T: Os escritores que sempre volto são: Caio Fernando Abreu, Carolina Maria de Jesus, Clarice Lispector, Conceição Evaristo, Fal Azevedo, Fernando Sabino, Fiodor Dostoiévski, Franz Kafka, James Baldwin, Jean Genet, Lima Barreto, Luiz Vilela, Machado de Assis, Raymond Carver, Sam Shepard e Sergio Faraco. Também há os escritores amigos talentosíssimos, com quem, sempre que posso, tenho o prazer de encontrar e conversar sobre Literatura: Adriana Mondadori, Ana dos Santos, Ana Lúcia Habkost, Ana Melo, Aniuska Van Helden, Caê Guimarães, Dalva Maria Soares, Dóris Soares, Felipe Smidt Nunes, José Falero, Jose Manuel R Barroso, Nathalia Protazio, Marcelo Spalding, Oscar Henrique Cardoso, Paula Martins, Ponciano Correa etc.



Lida bem com as críticas?

T: Hoje, quando a crítica vem, já consigo entender se é algo pessoal ou não. Então lido bem: recebo, absorvo o que me faz pensar sobre a escrita e sigo.



Está trabalhando em algum livro no momento?

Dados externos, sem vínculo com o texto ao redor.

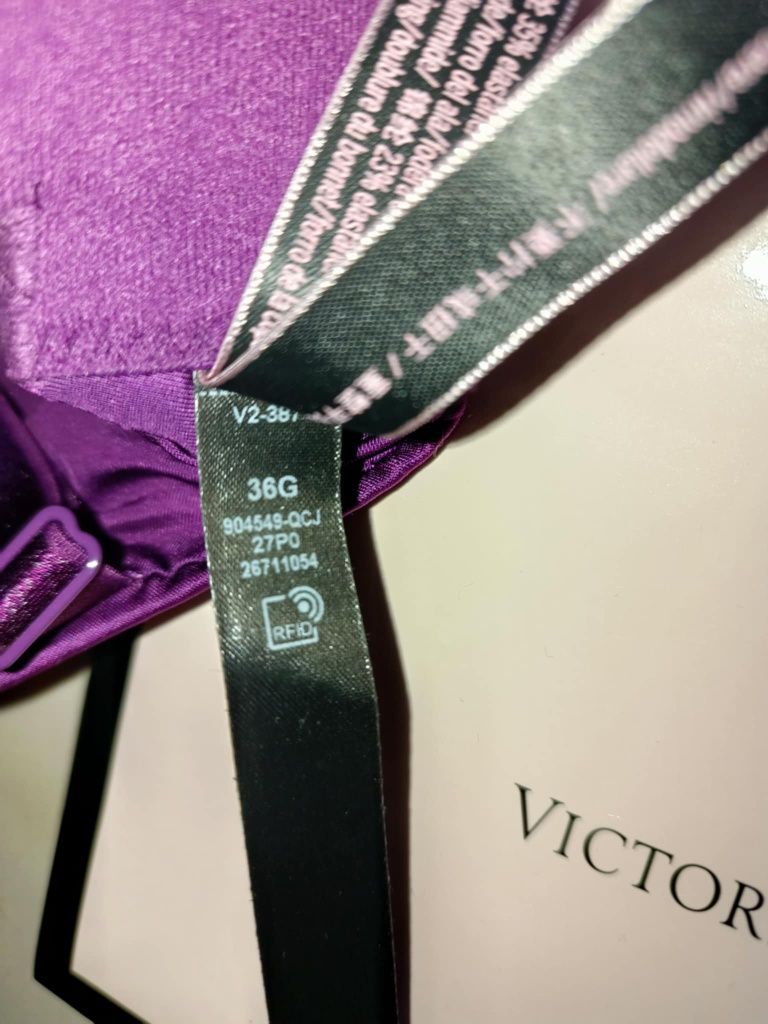 Biustonosz Victoria's Secret 38G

T: A médio prazo, tenho trabalhado numa novela. No longo, num romance. Também sigo escrevendo contos. E poemas. 2022 será um ano de muita escrita.



O que seria de sua vida sem as letras?

T: Sempre tive interesse na arte, de forma geral. Na infância, gostava de desenhar. Tive passagem pelo teatro, canto coral, violão. Mas quando descobri as letras comecei a andar. Sem elas, talvez tivesse desenvolvido menos a minha expressão e leitura do mundo. Mais certo é que estaria dançando com outra musa.



Dê uma (ou mais) dica(s) para quem quer ser escritor:

T: Além do básico – ler e escrever sempre e, se possível, partilhar-discutir os escritos num grupo de escrita –, teria duas dicas específicas. A primeira é nunca perder de vista a resposta da pergunta “Por que escrevo?”. Escrevo por diversão, escrevo por necessidade de expressão, escrevo porque ajuda a pensar na vida, escrevo por vaidade, escrevo porque quero estabelecer laços com leitores etc. Não há resposta errada a essa pergunta. É preciso também ter em mente que não existe resposta definitiva. O caminho da escrita é um tanto de experimentar, descobrir o que funciona pra você. Estar atento a isso, sem idealização, ajuda a perceber as possibilidades que a própria escrita apresenta, e quais são as que te farão mais feliz. Uma escrita infeliz, forçada, não rende. Nem para o escritor, nem para o leitor. Fora que é um tempo, uma energia e um dinheiro muito mal-empregados. A segunda dica é tratar a escrita como uma amiga. Amiga daquela que nos dedicamos porque é importante para nós. Uma amizade assim demanda tempo, constância, experiências compartilhadas, memórias, conversas, noites em claro, brigas e reconciliações. Quanto mais ela fizer parte do seu dia a dia, menor a possibilidade da desconexão, o temido “branco”. Uma amizade verdadeira com a escrita naturalmente presenteia, presentifica, torna as coisas mais fáceis, divertidas, ajuda a voar.



Crédito da foto: Diego Lopes



Tônio Caetano é escritor, especialista em Literatura Brasileira pela PUCRS e servidor público municipal. É filho de Virginia e Armindo, cresceu correndo com os seis irmãos pelas lombas da Vila Vargas, periferia de Porto Alegre. Autor do livro “Terra nos cabelos”, Editora Record, Prêmio SESC de Literatura 2020 na categoria Conto, e do livro “Sobre o fundo azul da infância”, Editora Venas Abiertas, Prêmio Academia Rio-Grandense de Letras 2021 na categoria Narrativa Curta. É uma pessoa em busca da própria voz, do seu lugar na luta que cabe a cada um diante da realidade, da página em branco e de si.